TASK REQUIREMENTS: Below is a listing. Return the lines from the one that contains "Жилет Jack Wolfskin мужской" to the one that contains "برچسب پوششی ماهوت", both ends included, verbatim and with no pictures.

MATERIAL PROVIDED:
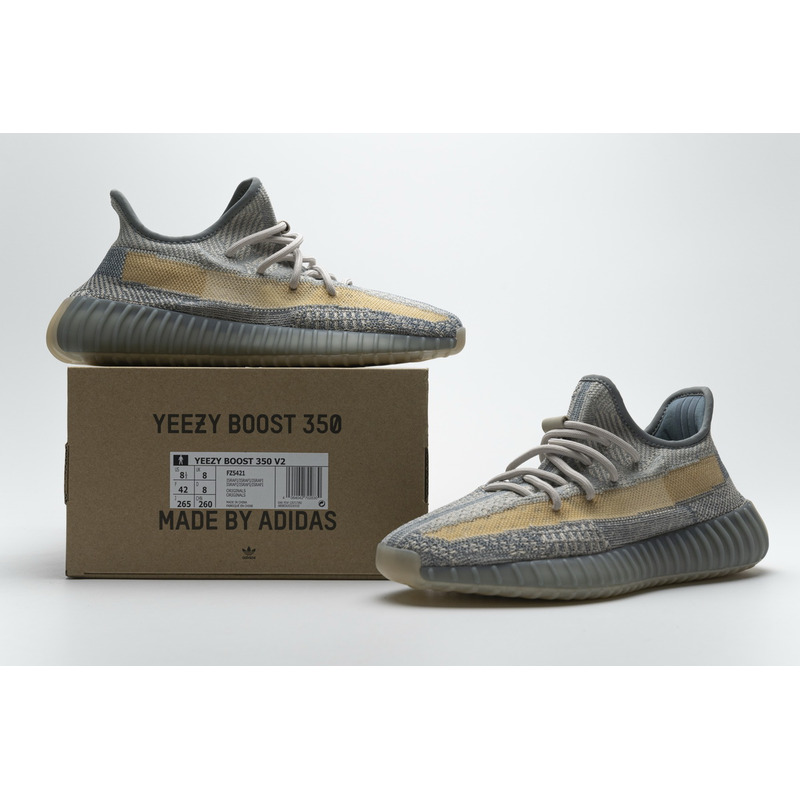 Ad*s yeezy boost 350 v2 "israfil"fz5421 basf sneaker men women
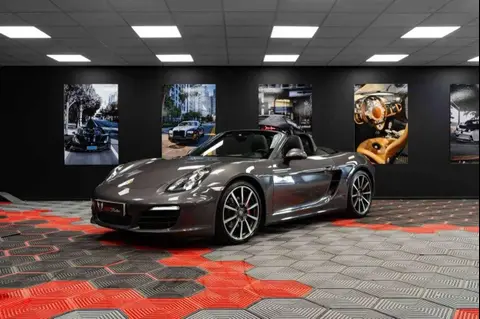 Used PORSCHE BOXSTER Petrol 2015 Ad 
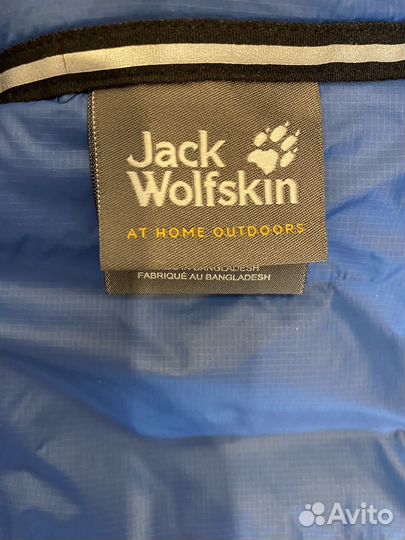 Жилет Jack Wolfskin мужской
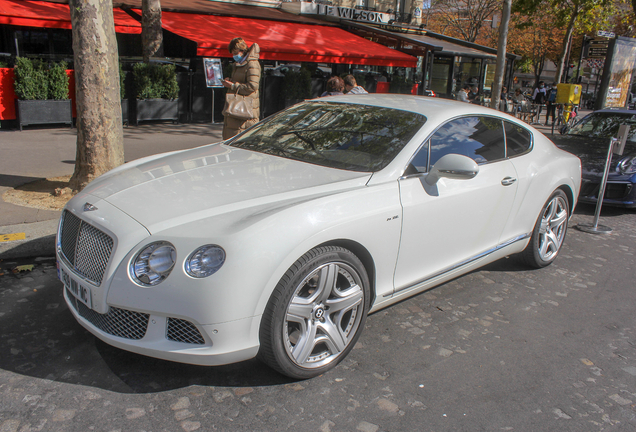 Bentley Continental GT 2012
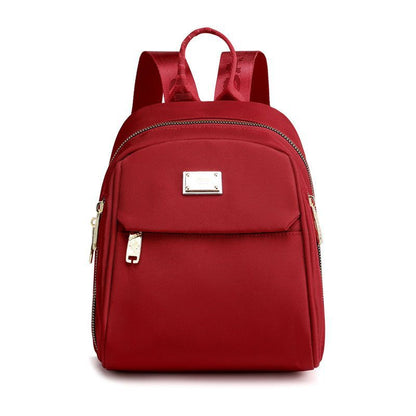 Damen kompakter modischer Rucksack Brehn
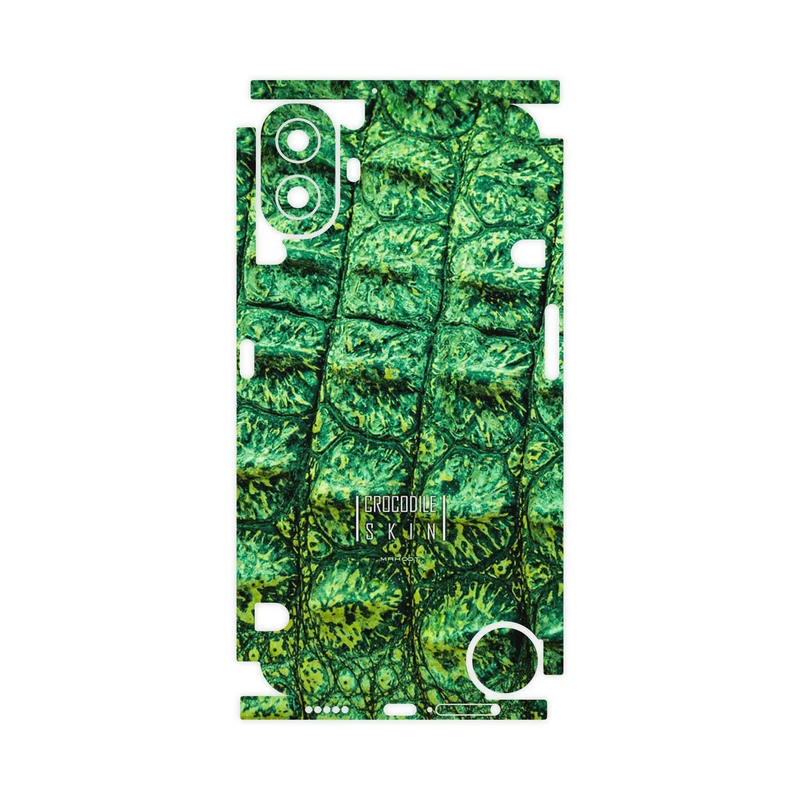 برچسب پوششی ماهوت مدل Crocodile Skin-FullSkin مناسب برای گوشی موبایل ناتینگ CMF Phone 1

...

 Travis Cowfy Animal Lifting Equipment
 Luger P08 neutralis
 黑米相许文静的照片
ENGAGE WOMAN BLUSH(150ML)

SOLUTION TO THE PROBLEM:
 Жилет Jack Wolfskin мужской
 Bentley Continental GT 2012
 Damen kompakter modischer Rucksack Brehn
 برچسب پوششی ماهوت مدل Crocodile Skin-FullSkin مناسب برای گوشی موبایل ناتینگ CMF Phone 1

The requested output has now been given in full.